Libyan envoys call on army to topple Kadhafi
Libyan diplomats at the United Nations condemned Monday their strongman leader Moamer Kadhafi as a "tyrant" and accused him of "genocide" as they called on him to stand down or be forced out of power.
Mission staff led by deputy ambassador Ibrahim Dabbashi accused Kadhafi of bringing in foreign mercenaries from other African nations to fight protesters. They called for an international no-fly zone over the North African nation.
"The tyrant Moamer Kadhafi has clearly shown, through his sons the level of ignorance he and his children have and how much he despises Libya," the rebel diplomats said in a statement.
The Arabic language statement called on the Libyan army "wherever they are and whatever their rank, to organize themselves and move on Tripoli and cut the snake's head."
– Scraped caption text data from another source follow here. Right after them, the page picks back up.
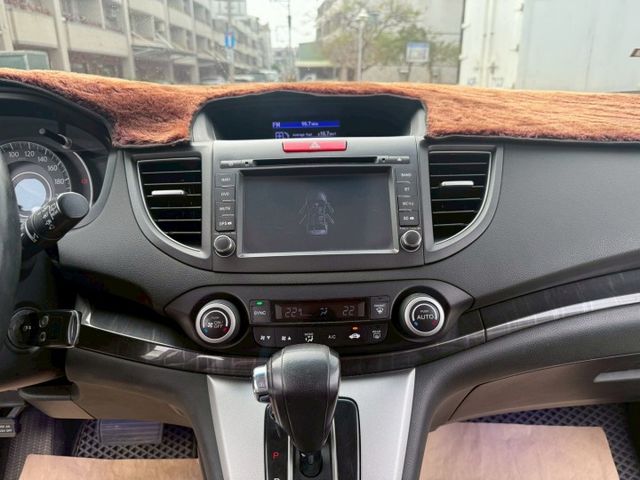 VTi 好開好養代步車 配備~定速/倒車顯影/導航/方向盤音響控制/恆溫空調 (海佃店)  第10張相片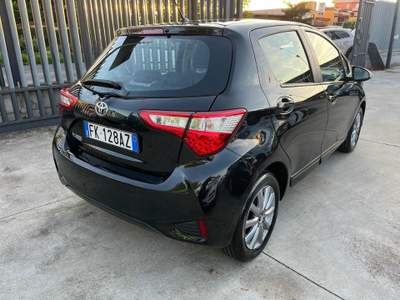 Toyota Yaris 1.0 5 porte Lounge Nero usata Giugliano in Campania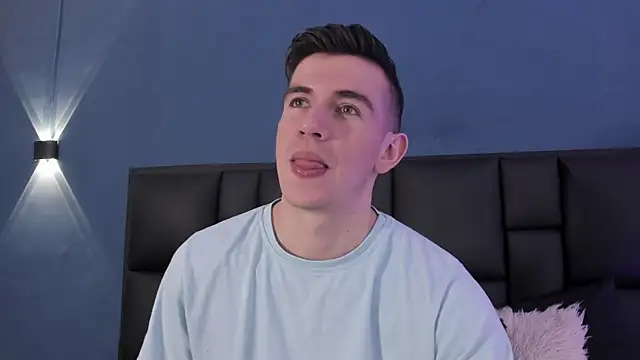 MikaelSlow online show from 10/04/25, 04:14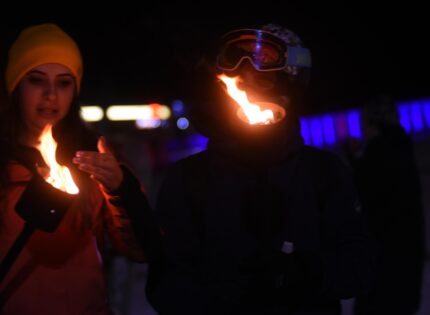 ERCİYES’TE YENİ YIL ÖNCESİ GECE KAYAĞI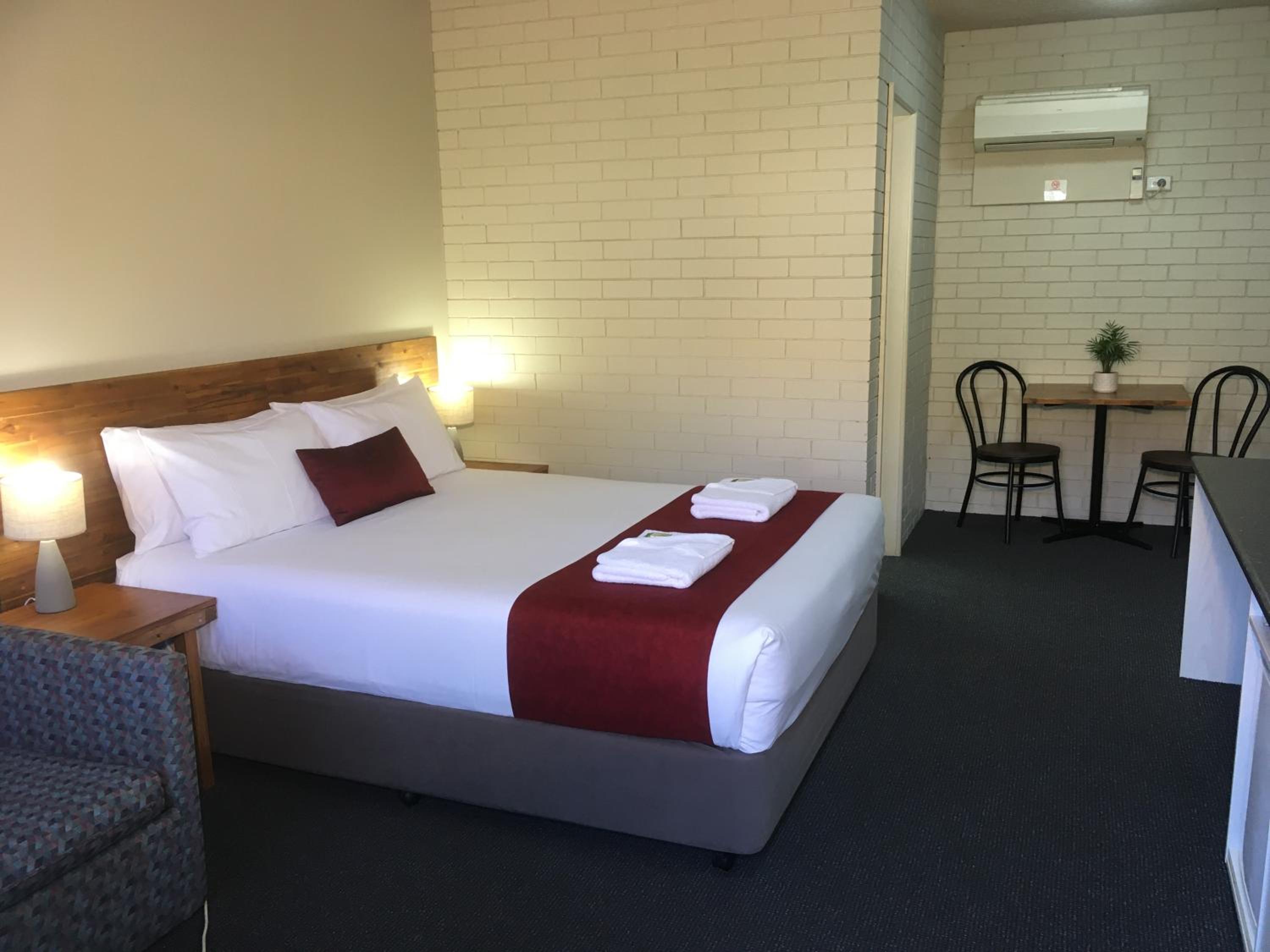 Queen Room photo 1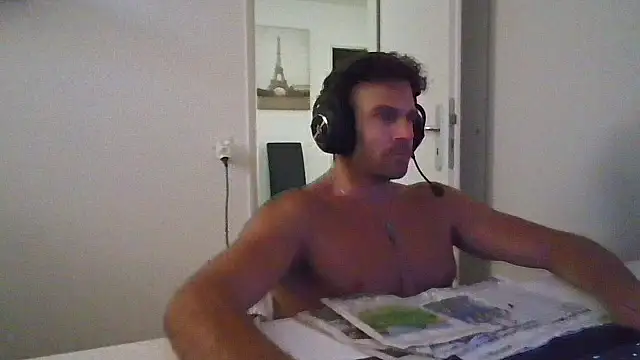 alpha-hunk online show from June 23, 11:03 am
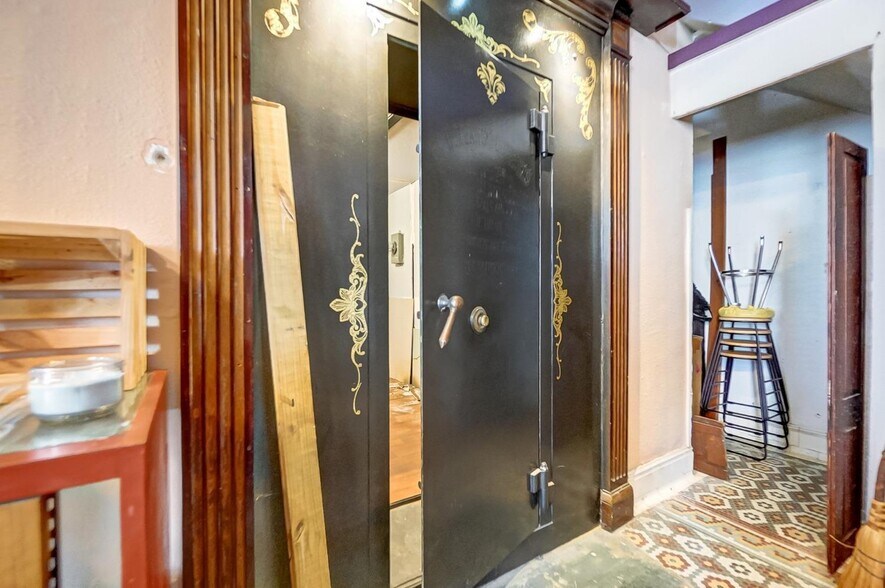 More Photos Of 2 Main St, College Corner Storefront Retail Office For Sale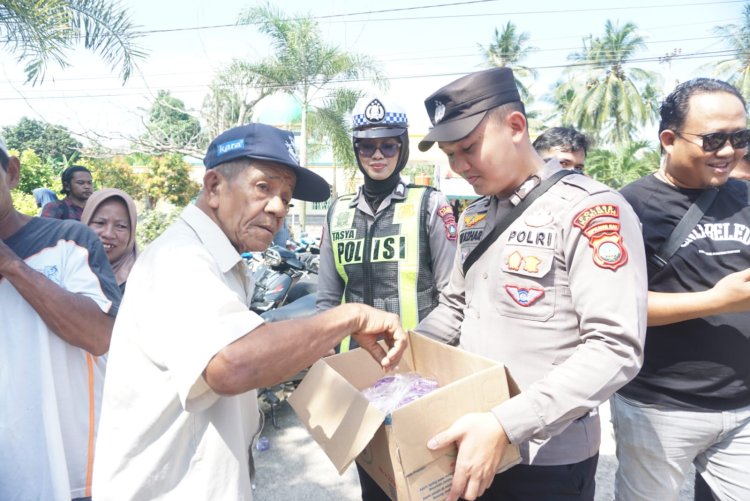 Polres Karimun Kawal Aksi Unjuk Rasa Warga Sawang Secara Humanis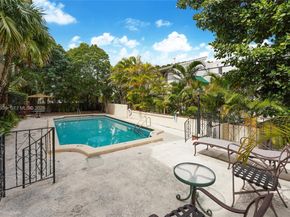 411 Anastasia Ave 303, Coral Gables FL 33134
Amid growing reports of clashes in Tripoli and other cities, it warned there could be an "an unprecedented massacre" and condemned the use of African "mercenaries" against protesters.
The diplomats urged the United Nations to impose a no-fly zone over Libya to stop mercenaries and weapons from getting into the country.
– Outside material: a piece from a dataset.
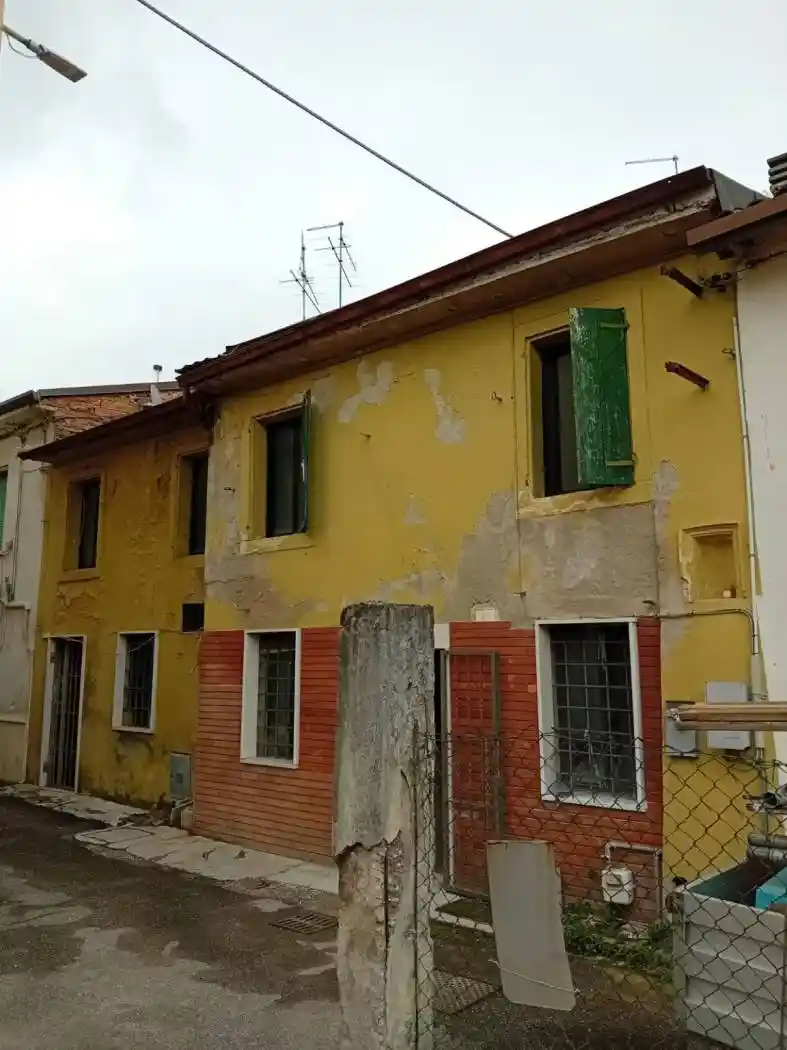 Casa indipendente in vendita a San Giovanni Lupatoto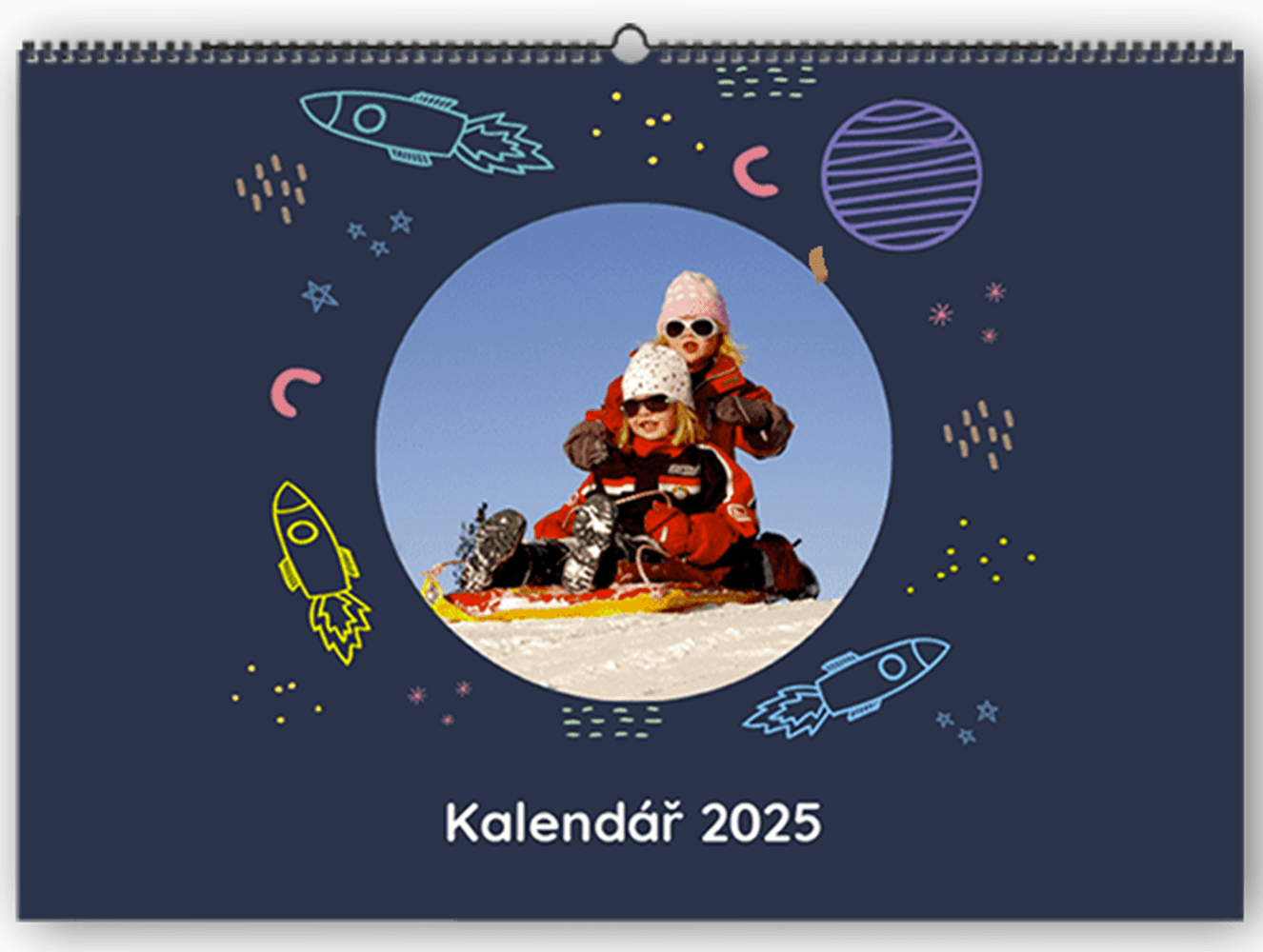 Fotokalendáře z vlastních fotek 2025 jednoduše online - Vesmír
They also called on other countries to refuse to give refuge to Kadhafi if he tries to flee and urged them to be alert for any attempt to get money out of Libya.
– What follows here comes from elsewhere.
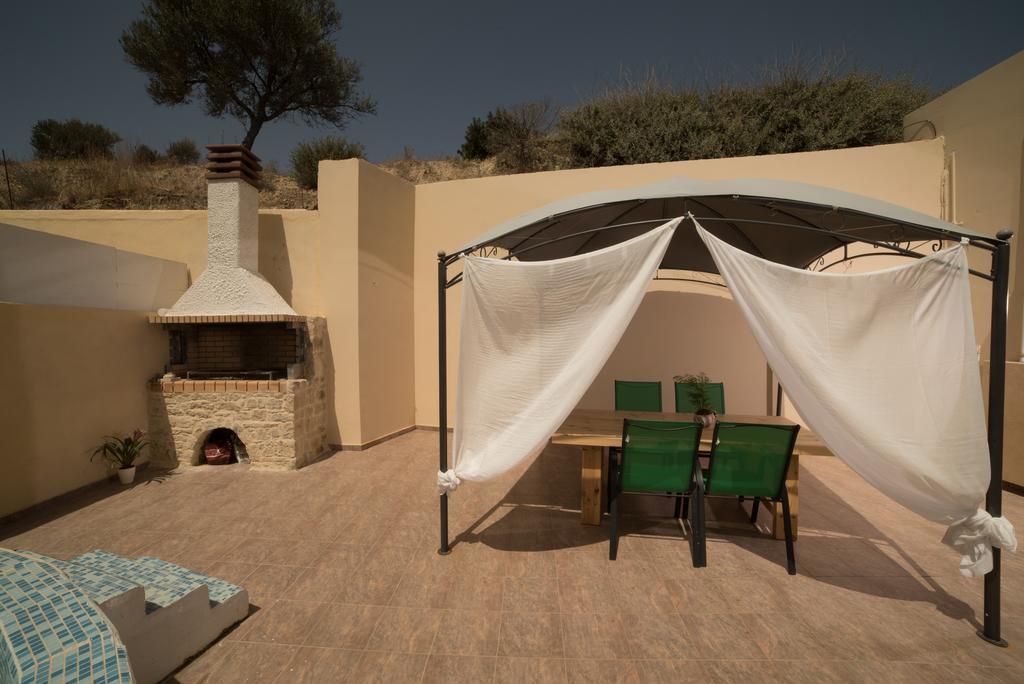 Bodikos Villas & Apartments Pitsidia Exterior photo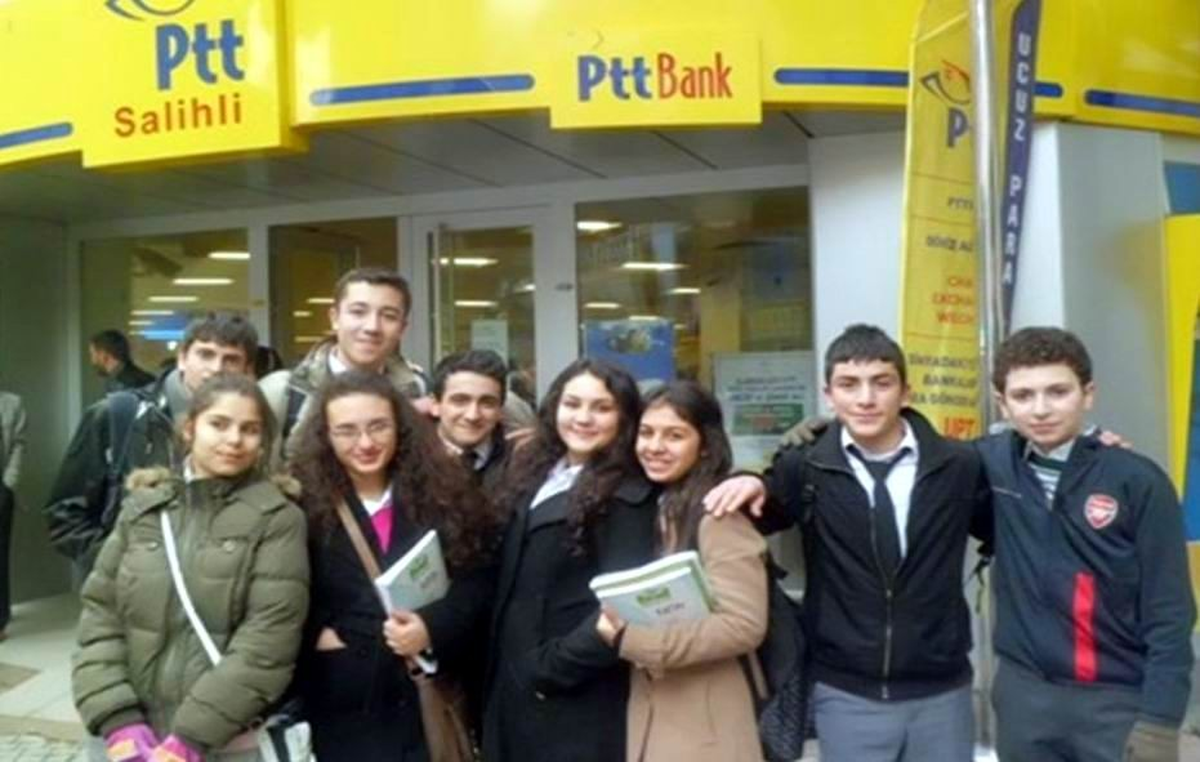 Dev Öğrenciler Tanıtım Kartı Gönderdi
Speaking at the entrance to the Libyan mission, next to a picture of Kadhafi on a white stallion, the deputy ambassador called on the longest-serving Arab leader to stand down as soon as possible and for Libyan diplomats around the world to reject him.
"We state clearly that the Libyan mission is a mission for the Libyan people. It is not for the regime. The regime of Kadhafi has already started the genocide against the Libyan people," he said.
The International Criminal Court should investigate Kadhafi, Dabbashi said.
In an interview with BBC World, the deputy ambassador said it would be "a matter of days" before the man who has led the country for more than four decades steps down or is forced out of power.
About six mission staff stood with Dabbashi as he made his statement, but it remained unclear how many diplomats had turned against Kadhafi.
Libya's UN ambassador Abdurrahman Shalgham did not appear with the dissenters.
Dabbashi said earlier he had not seen the ambassador since Friday and did not know whether he shared the opinion of many in his mission.
Adam Tarbah, a third secretary at the UN mission, told the Los Angeles Times that the diplomats made the decision to go public with their dissent "because of the regime's despicable actions to attack the Libyan people."
"We are aware that this will put our families back home in danger, but they are in danger anyway," Tarbah said.
Tarbah and Dabbashi referred to a speech made Sunday by Kadhafi's son, Seif al-Islam, who vowed to "fight to the last bullet."
"He was inciting civil war," Tarbah said. "It was shameful."
Libyan diplomats at several embassies around the world have announced they are breaking with Kadhafi.